_Data listing_.
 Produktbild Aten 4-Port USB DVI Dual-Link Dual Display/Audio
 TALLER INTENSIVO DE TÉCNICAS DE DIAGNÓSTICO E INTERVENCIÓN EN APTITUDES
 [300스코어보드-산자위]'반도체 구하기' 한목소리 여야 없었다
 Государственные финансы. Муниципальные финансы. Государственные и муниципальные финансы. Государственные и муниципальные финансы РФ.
--
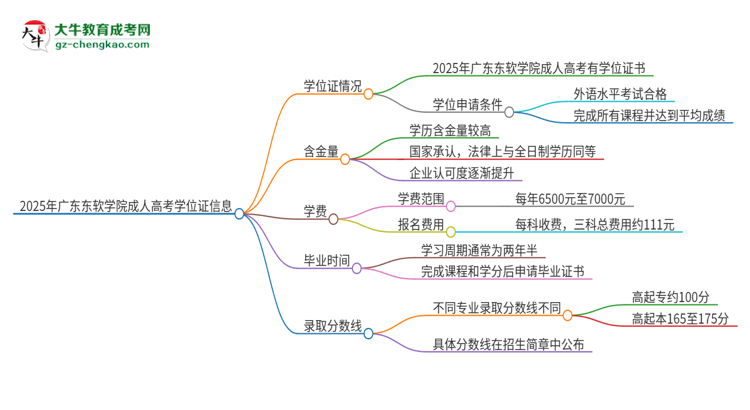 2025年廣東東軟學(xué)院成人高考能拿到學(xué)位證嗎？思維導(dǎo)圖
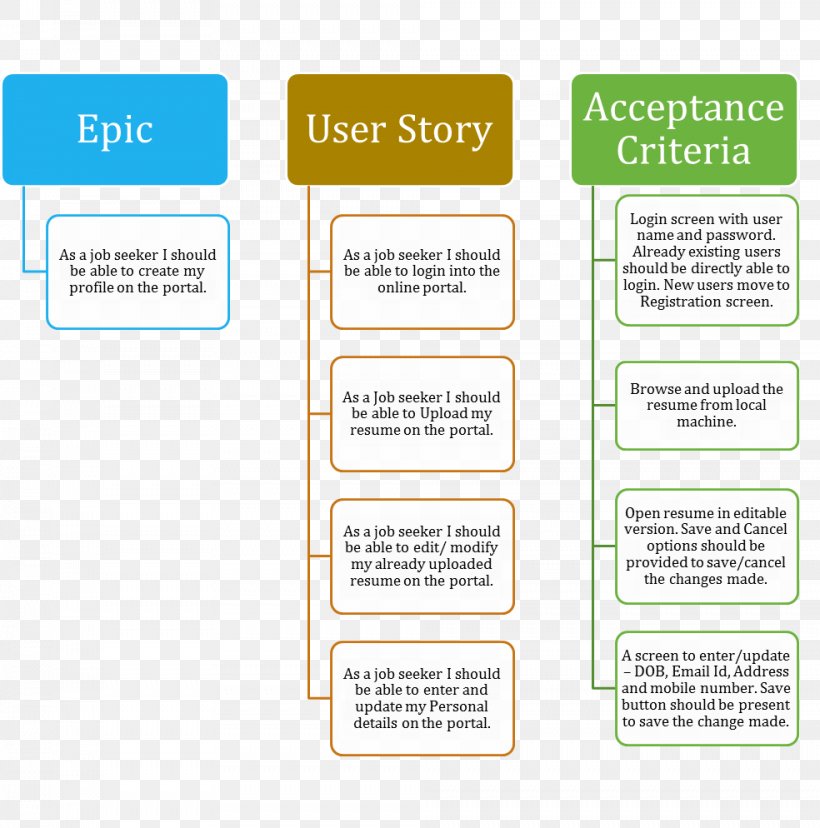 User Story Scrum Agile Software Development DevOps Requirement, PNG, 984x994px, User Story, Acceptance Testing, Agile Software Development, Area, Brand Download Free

_Problem description_. Starting with the line above that holds "[300스코어보드-산자위]'반도체 구하기' 한목소리 여야 없었다" and stopping with the line that holds "Государственные финансы. Муниципальные", reproduce each line exactly, omitting all other lines.

_Task response_.
 [300스코어보드-산자위]'반도체 구하기' 한목소리 여야 없었다
 Государственные финансы. Муниципальные финансы. Государственные и муниципальные финансы. Государственные и муниципальные финансы РФ.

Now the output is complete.